Contrary to President Donald Trump’s claims, there aren’t any “obvious signs” of gas lines in North Korea, according to the Washington Post.
At the United States’ urging, the United Nations Security Council recently passed additional sanctions against the totalitarian state for its leader Kim Jong Un’s continued testing of nuclear-capable missiles, and recently, another underground nuclear test. The sanctions slash North Korean oil imports by 30 percent, the U.S. Mission to the United Nations said. The U.S. had originally requested a complete oil embargo but faced potential vetoes from China and Russia, the Post reported.
Trump claimed Sunday that there were “[l]ong gas lines forming in North Korea,” but that the claim wasn’t supported by on-the-ground accounts, according to the newspaper:
I spoke with President Moon of South Korea last night. Asked him how Rocket Man is doing. Long gas lines forming in North Korea. Too bad!
— Donald J. Trump (@realDonaldTrump) September 17, 2017
One foreign resident of Pyongyang told the Post, “we are not aware of any long queues at the gas stations,” adding: “At least, I haven’t noticed anything. I asked a few Koreans, and they haven’t seen anything either.”
Another foreign resident told the newspaper that traffic “was as heavy here as I’ve seen it” on Friday, “normal” on Saturday and “quieter” on Sunday.

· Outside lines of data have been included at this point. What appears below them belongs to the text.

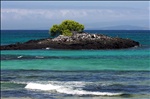 View at Bachas Beach, Santa Cruz Island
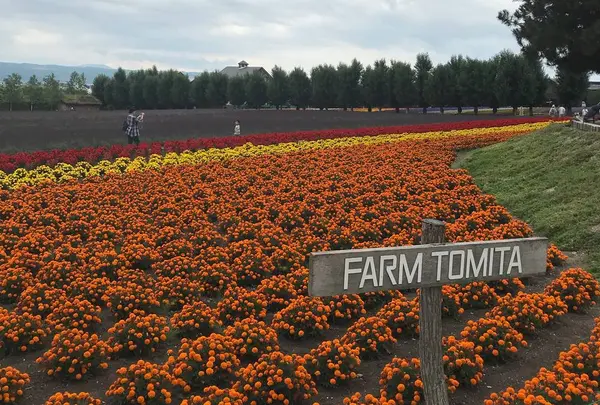 ファーム富田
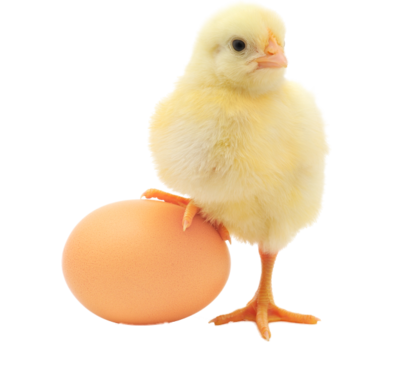 Baby Chicken Transparent Image Transparent PNG Image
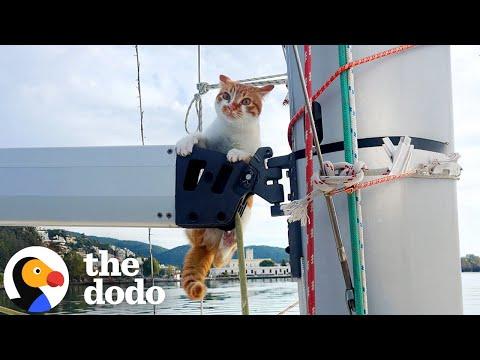 Former Stray Kitten Sails Full-Time Around Greek Islands With Her Parents #Video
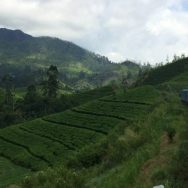 2015-04-26-Sri-Lanka-13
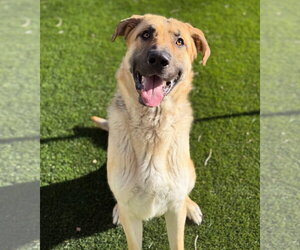 German Shepherd Dog Dogs for adoption in Sandy, UT, USA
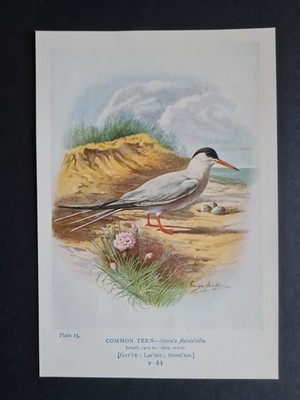 Antique 1910 print - Common Tern - Birds - Ornithology - George Rankin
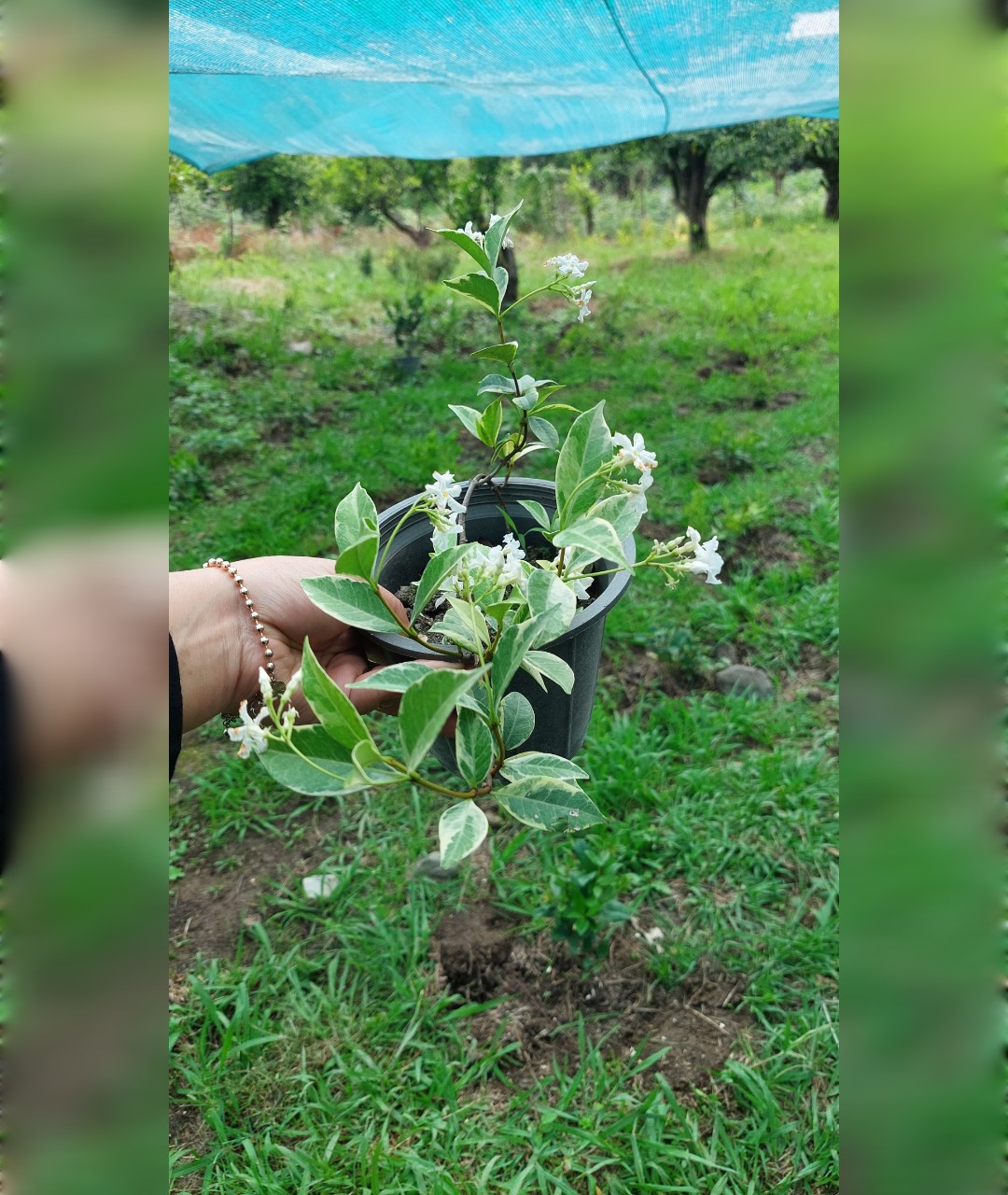یاس جاسمین ابلق کمیاب کوچک - تصویر 3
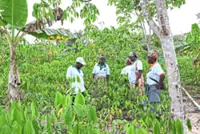 Tapping into a new freedom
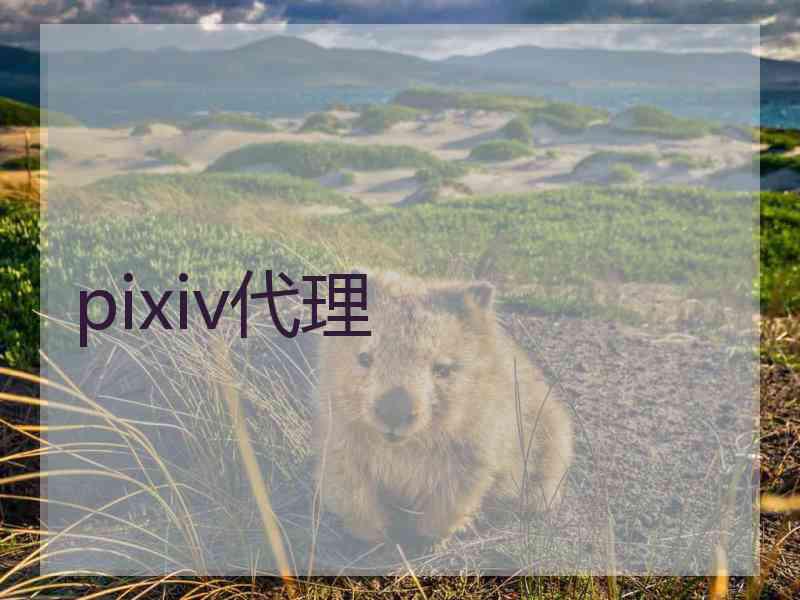 pixiv代理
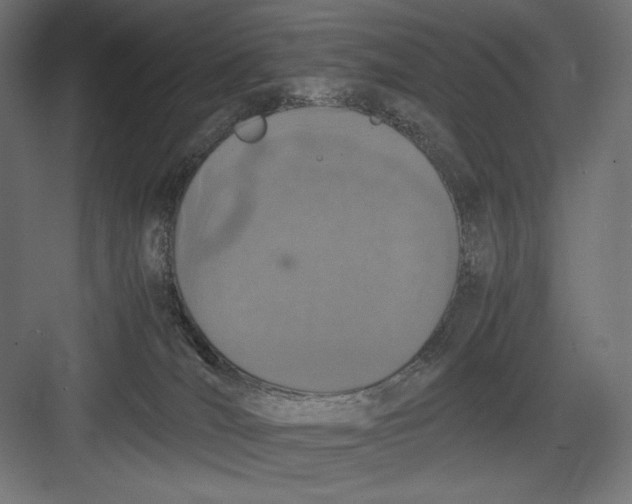 X0000082700036200702161801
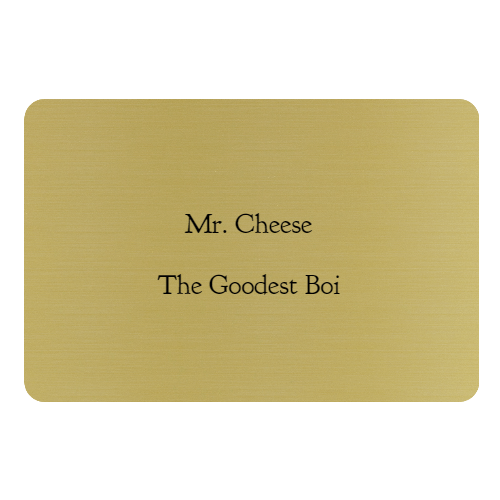 2 x 3 Engraved Name Tag - Customer's Product with price 7.50 ID LRhsJUahSVQxEQQD80MVMjhi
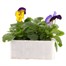 Pansy F1 Blue Morpho 6 Pack Boxed Bedding  Alternative Image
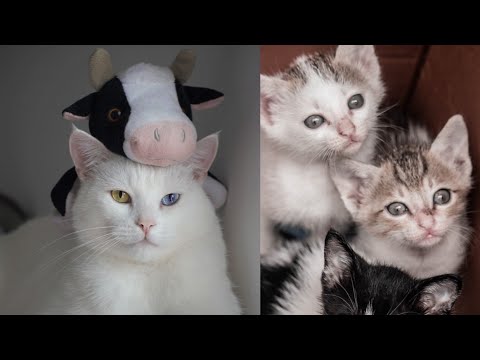 best funny animals 2023😂 funniest cats and dogs 🐶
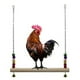 thumbnail image 5 of 2x Percha Hecha para Masticar Pájaros con Columpio de Pollo, 5 of 9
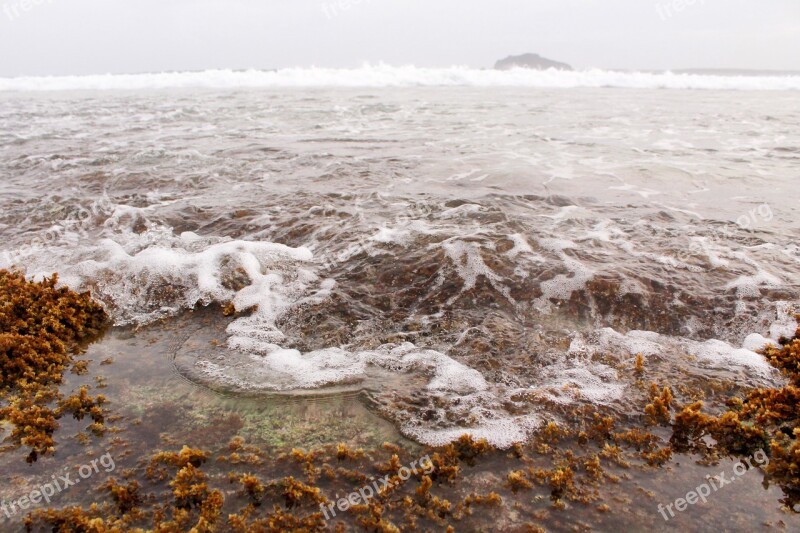 Beach Sea Seascape Nature Coast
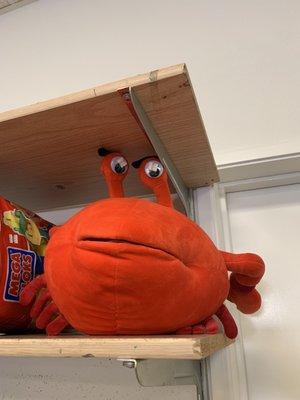 Mr Krabs looking down at you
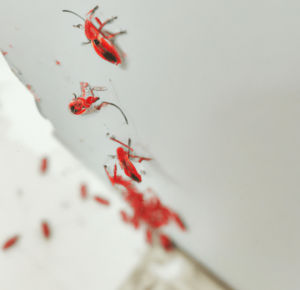 Numerous red bugs in house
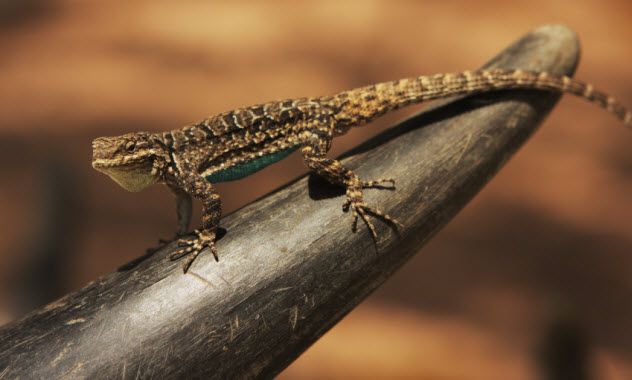 4-whiptail-lizard_000009550204_Small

Though the Post reported that there were “no obvious signs” of gas lines forming in the country, it did note a roughly 25 percent uptick in gas prices after the nuclear test, according to the Seoul-based Daily NK, which cited unnamed “inside informants on the ground in North Korea.”
Daily NK reported there was precedent for the North Korean regime restricting the oil supply in anticipation of global sanctions.
The New Yorker’s Evan Osnos, in a lengthy profile on Kim and the prospect of nuclear war, reported, referring to the North Korean capital: “For decades, there were few cars on the streets, but now frequent foreign visitors marvel at the growth in traffic.”